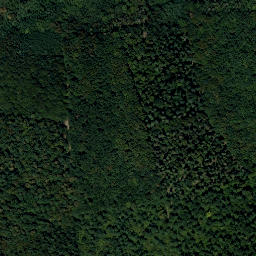 Satellite imagery of Steinberg, AT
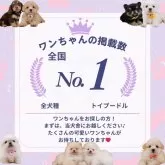 ポメラニアン【神奈川県・男の子・2024年12月7日・オレンジセーブル】の写真11「🐾👑掲載頭数全国No.1👑🐾たくさんのワンちゃんをご紹介できます🐶まずは当犬舎に！！」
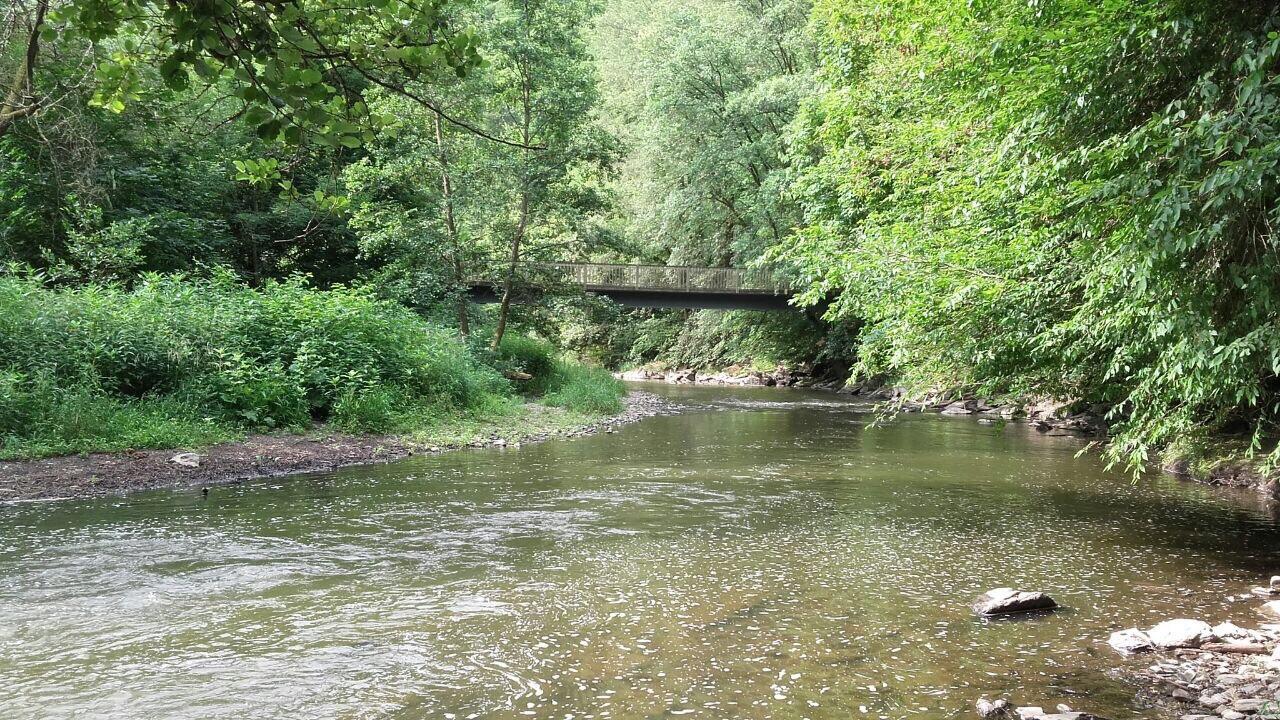Ferienwohnungen "Am Fuerstenweg" นอยวิท ภายนอก รูปภาพ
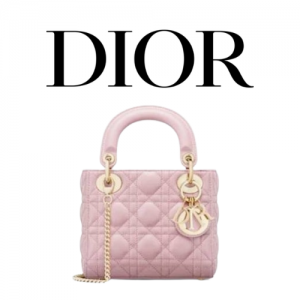 DIOR Lady Dior 미니백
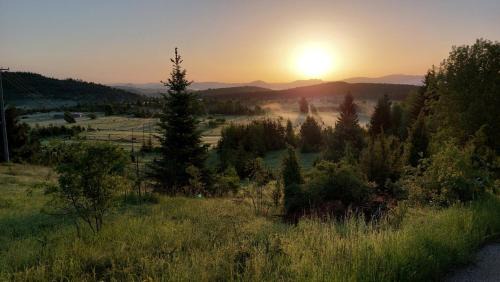Zlatibor Apartment | Apartman JELA Jabuka
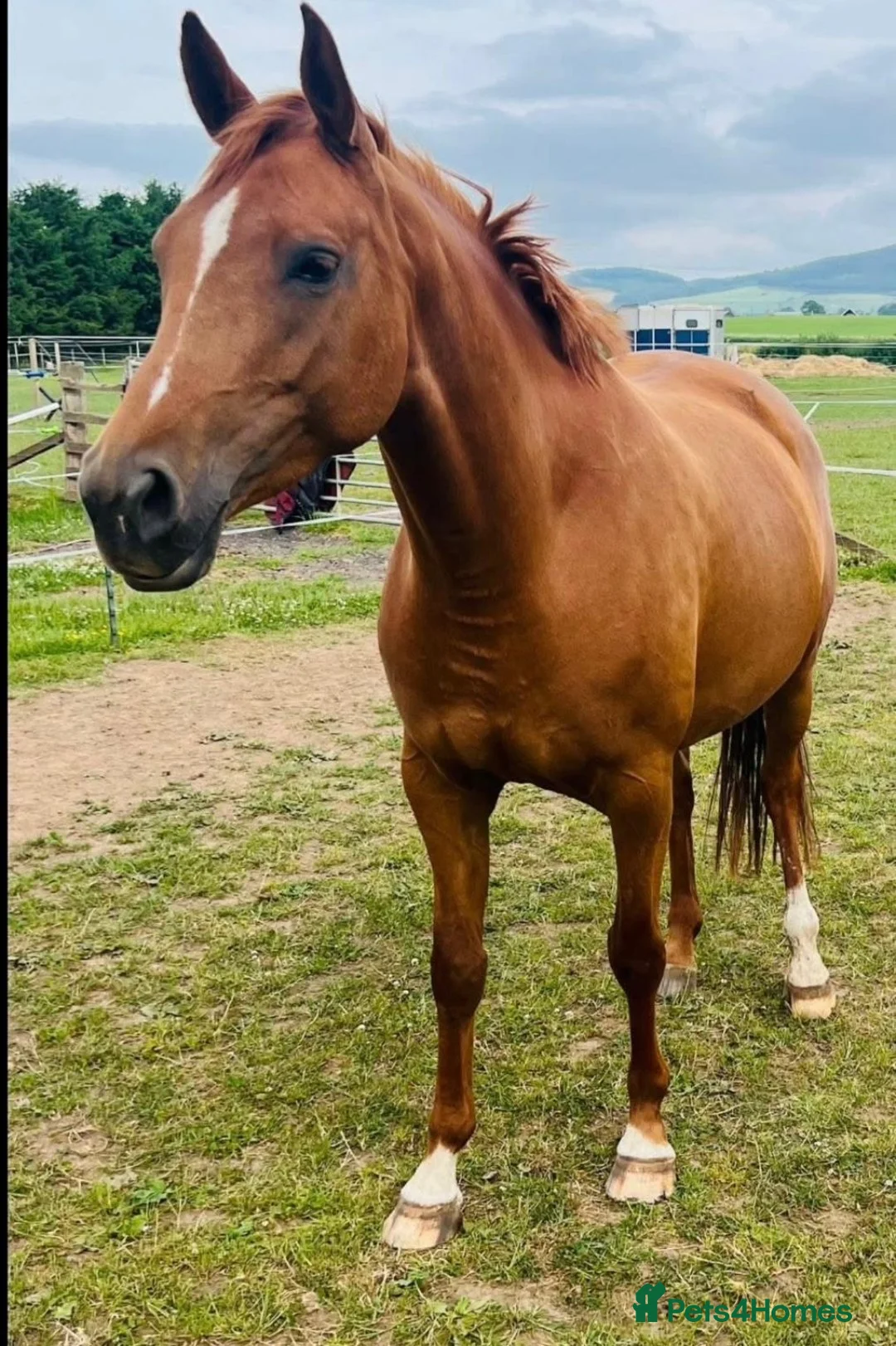 Belgian Warmblood horses for sale:  Quality Broodmare – 9yo 15.2hh Chestnut Mare   - Advert 6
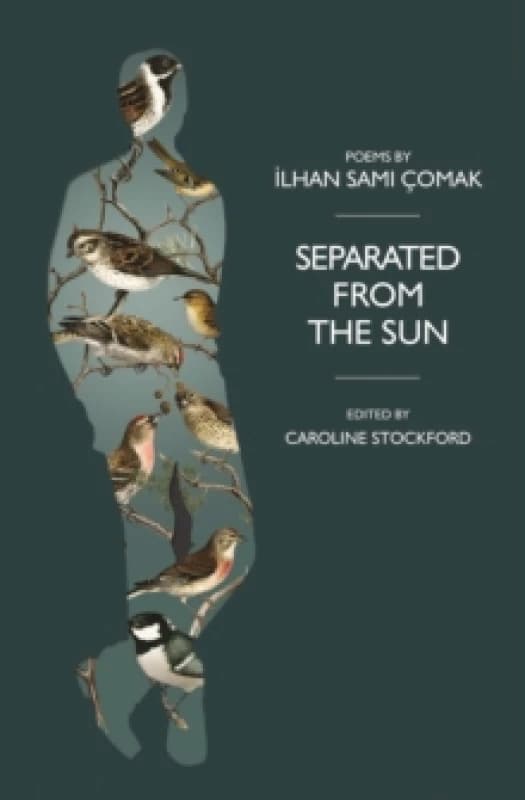 Separated from the Sun Paperback / softback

-------------------------

Extract, word for word, each line from the one that contains "Belgian Warmblood horses" through the final line of the data above. Leave the pictures out.

 Belgian Warmblood horses for sale:  Quality Broodmare – 9yo 15.2hh Chestnut Mare   - Advert 6
 Separated from the Sun Paperback / softback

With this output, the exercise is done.